Shahana works for a Bangladeshi community organisation which, with the support of Oxfam, helps local communities respond to the new challenges posed by a changing climate. As a low lying nation with some 160 million people packed into an area one eighth the size of NSW, Bangladesh’s already scarce resources are becoming more precarious in the face of climate change.

Bangladesh is just one of many poor countries around the world already feeling the impacts of environmental changes. A new Oxfam report released today, called Now More Than Ever finds that 21,000 people died due to weather-related disasters in the first nine months of 2010 – more than twice the number for the whole of 2009. It also finds that 2010 was one of the hottest years ever recorded with Pakistan logging a scorching 53.7°C.

The release of the report coincides with this week’s crucial United Nations Climate Change Conference of the Parties in Cancun, Mexico, and is a reminder to world leaders of the often forgotten reality that takes place outside the windows of their closed-door discussions.

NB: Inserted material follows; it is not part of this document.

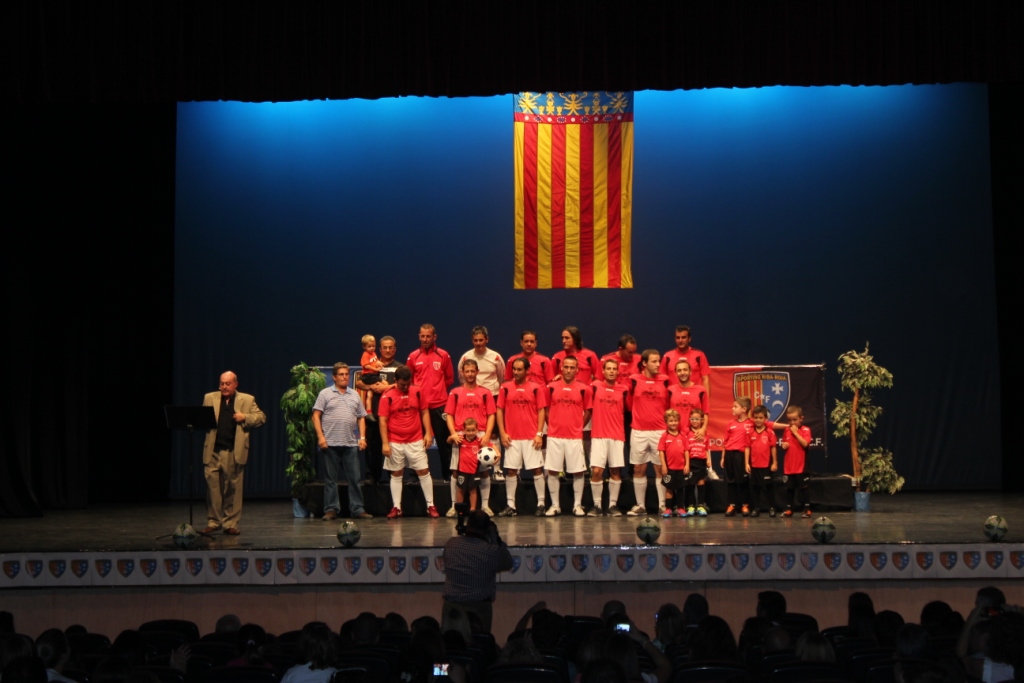 El sporting Ribarroja CF presenta a su escuela en el Auditorio municipal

It’s sad to think that this conference marks almost one year since the last major UN summit on climate change in Copenhagen, where talks nearly collapsed, further delaying a fair, ambitious and legally binding deal.

This week negotiators from around the world, including Australia, have a chance to turn things around. One of the major sticking points at Copenhagen was the need to secure finance for adaptation. In other words, the assistance needed for poor people in developing countries to adapt to the impacts of climate change they are already experiencing.

In Copenhagen, world leaders did commit to trying to find US$100 billion a year by 2020 from public and private sources in order to help developing countries adapt to climate change and develop along low carbon pathways.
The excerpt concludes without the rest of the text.